# Exercise
Return exactly the lines of the entries that start at the line containing "A RwandAir plane. (File)" and continue to the last line. Omit the pictures.

# Provided entries
════════════════════

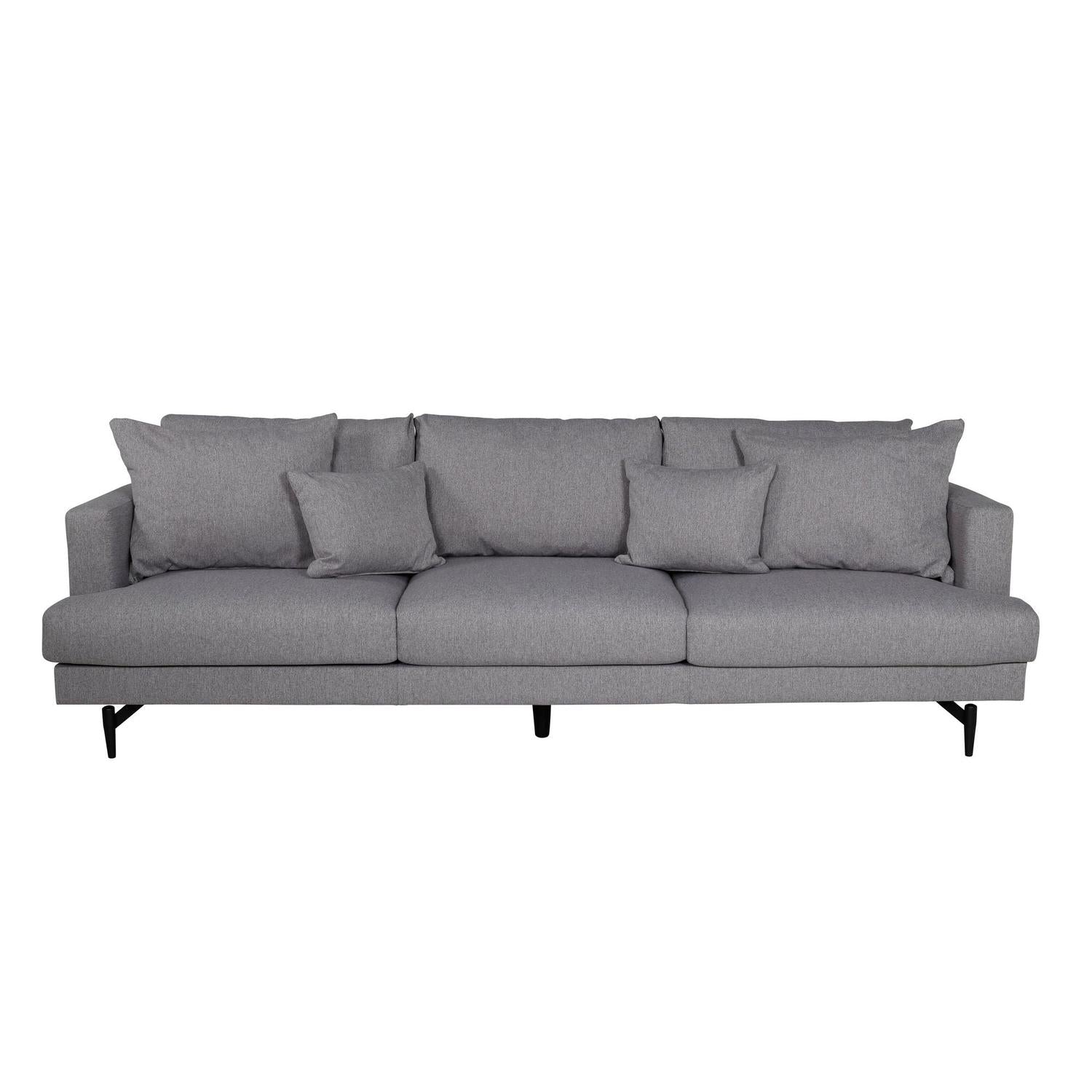 3-Sitzer Sofa Sofia aus Stoff - Grau-3-Sitzer Sofas-Venture Home-le canapé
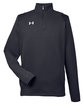 Under Armour Men's Hustle Quarter-Zip Pullover Sweatshirt BLACK/ WHT _001 OFFront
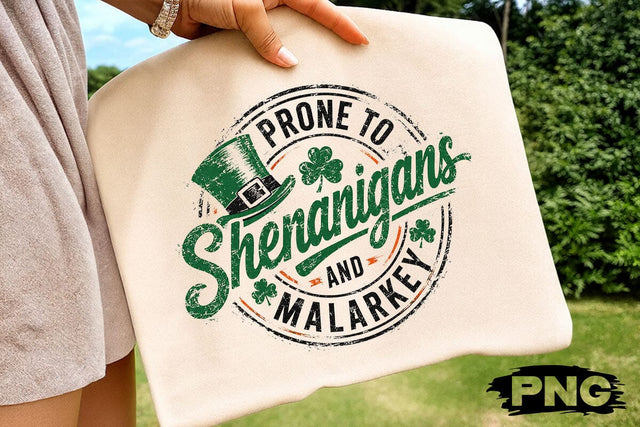 Prone To Shenanigans St Patricks Day PNG SVG DesignDestine 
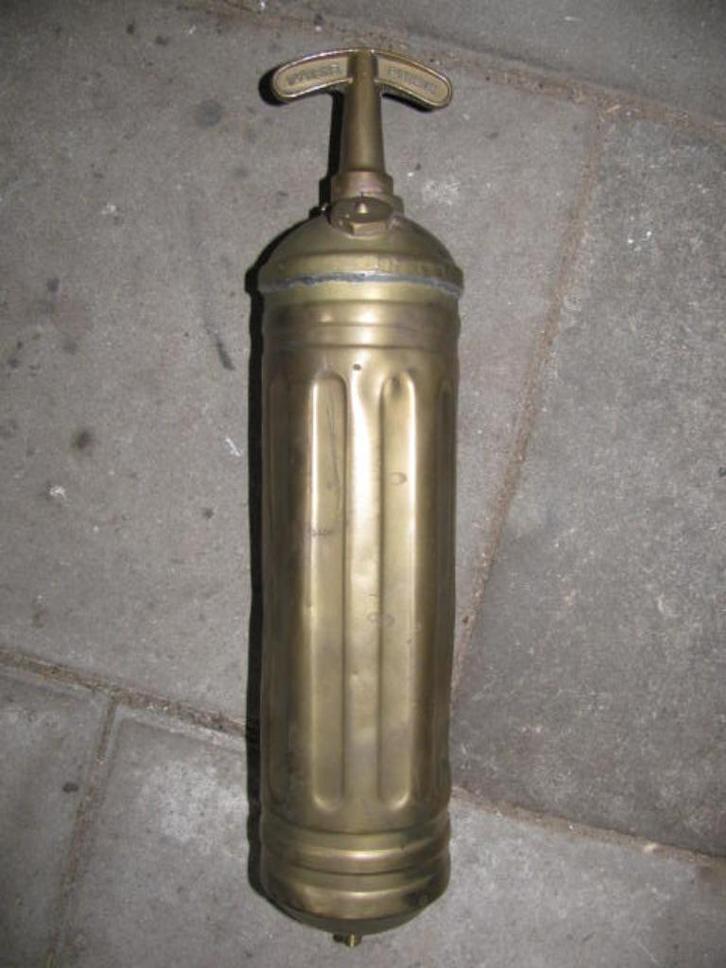 Antieke PYRENE brandblusser, blusapparaat., Verzamelen, Automerken, Motoren en Formule 1, Gebruikt, Ophalen of Verzenden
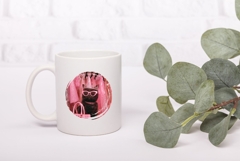 Black Cat Illustration, Funny Cat PNG, Pink PNG Product Image 3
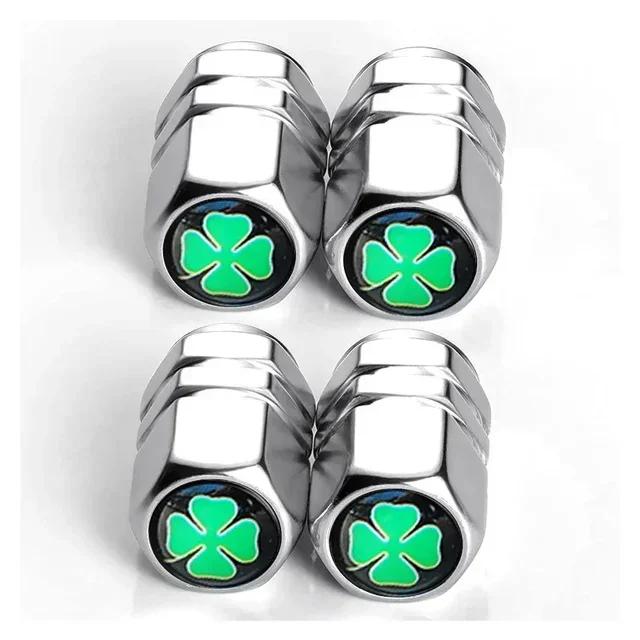 

4PCS Copper Car Wheel Tire Valve Caps Tyre Rim Stem Covers Car Dustproof Tire Cap For Cars Motorcycles Trucks Bikes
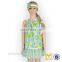 2 Year Old Girl Flower Fancy Dress Fashion New Model Girl Cotton Dress Wholesale Children's Boutique Clothing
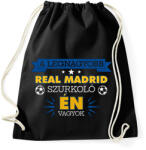 printfashion Real Madrid szurkoló - Sportzsák, Tornazsák - Fekete (10863156)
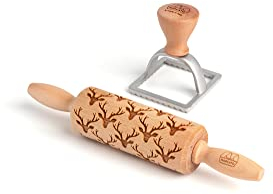 Marcato XPR-PROMO-008-ORO Kit à biscuits, Bois et aluminium, Jaune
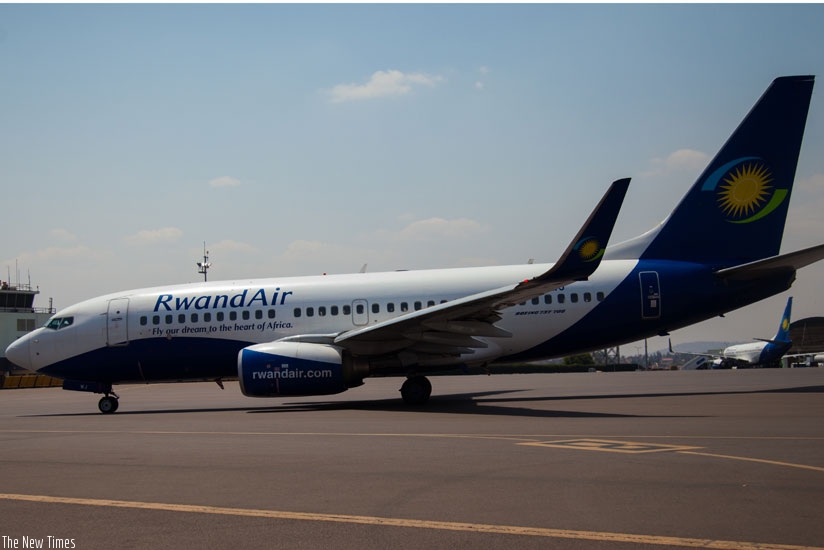 A RwandAir plane. (File)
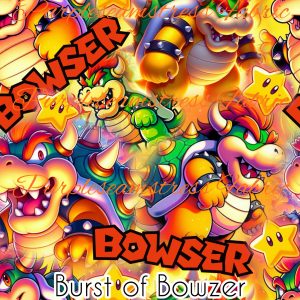 Burst of Bowser - Fabric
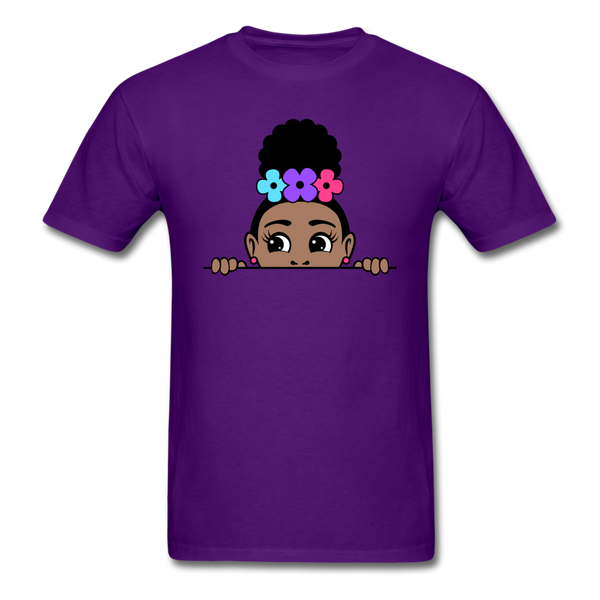 Puff Rose Girl - purple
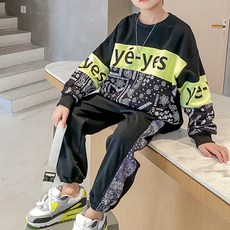 天使眼兒童款YES Two Man運動褲套裝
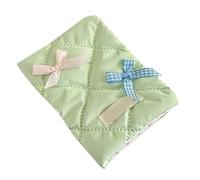 NVOQILIN Sweet Bows - Funda para pasaportes, estilo coreano, fundas para pasaportes, organizadores de tarjetas, fundas para tarjetas, estilo coreano, funda para lazos dulces, Green, Mass Beauty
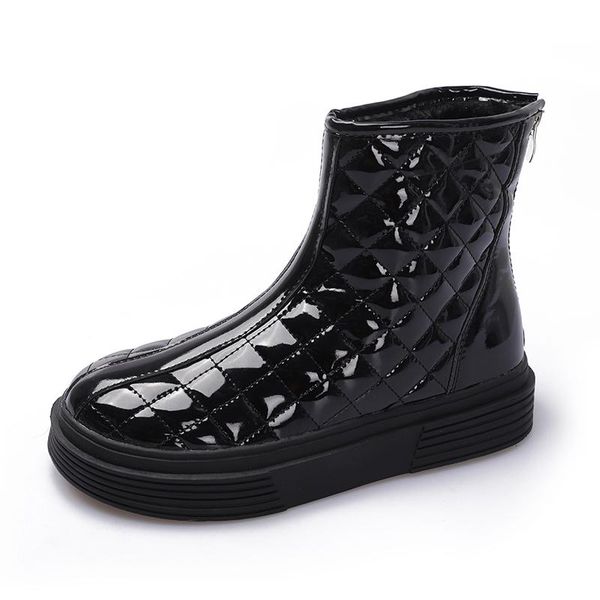 boots platform winter snow microfiber comfort warm ankle for women chunky fashion low3cm flat heel short boot shoes woman, Black
boots platform winter snow microfiber comfort warm ankle for women chunky fashion low3cm flat heel short boot shoes woman, Black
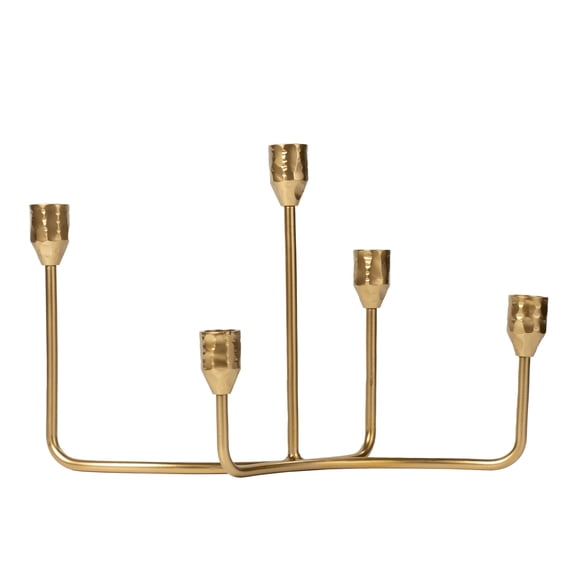 Better Homes & Garden Indoor Decorative Gold Iron Taper Candelabra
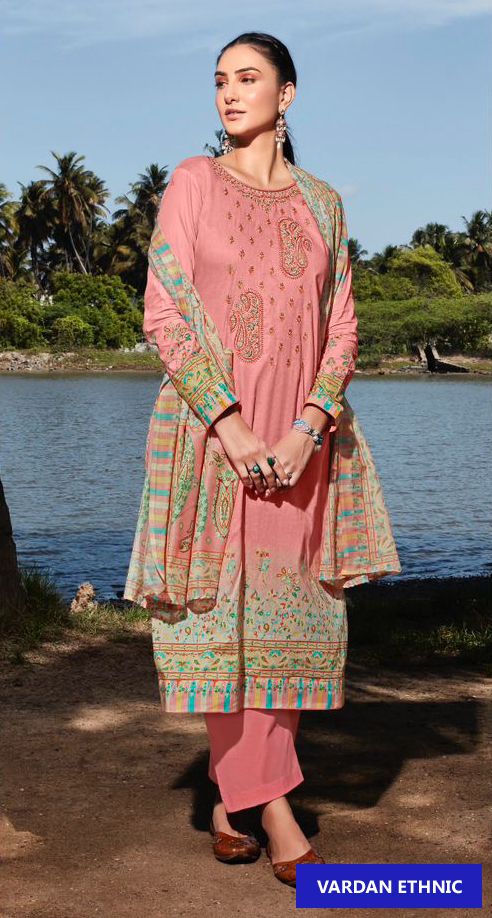 Mumtaz Arts Nargis Lawn Cotton Wholesale Pakistani Salwar Suit Catalog - Image 7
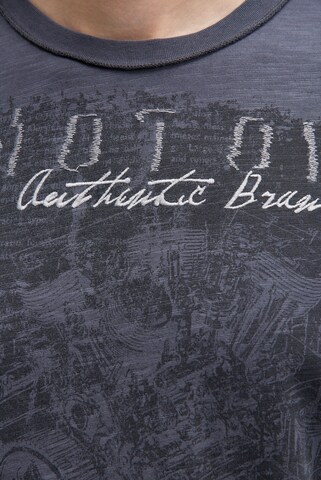 CAMP DAVID Shirt in Blue: front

════════════════════

# Written response
 A RwandAir plane. (File)
 Burst of Bowser - Fabric
 Puff Rose Girl - purple
 天使眼兒童款YES Two Man運動褲套裝
 NVOQILIN Sweet Bows - Funda para pasaportes, estilo coreano, fundas para pasaportes, organizadores de tarjetas, fundas para tarjetas, estilo coreano, funda para lazos dulces, Green, Mass Beauty
 boots platform winter snow microfiber comfort warm ankle for women chunky fashion low3cm flat heel short boot shoes woman, Black
boots platform winter snow microfiber comfort warm ankle for women chunky fashion low3cm flat heel short boot shoes woman, Black
 Better Homes & Garden Indoor Decorative Gold Iron Taper Candelabra
 Mumtaz Arts Nargis Lawn Cotton Wholesale Pakistani Salwar Suit Catalog - Image 7
 CAMP DAVID Shirt in Blue: front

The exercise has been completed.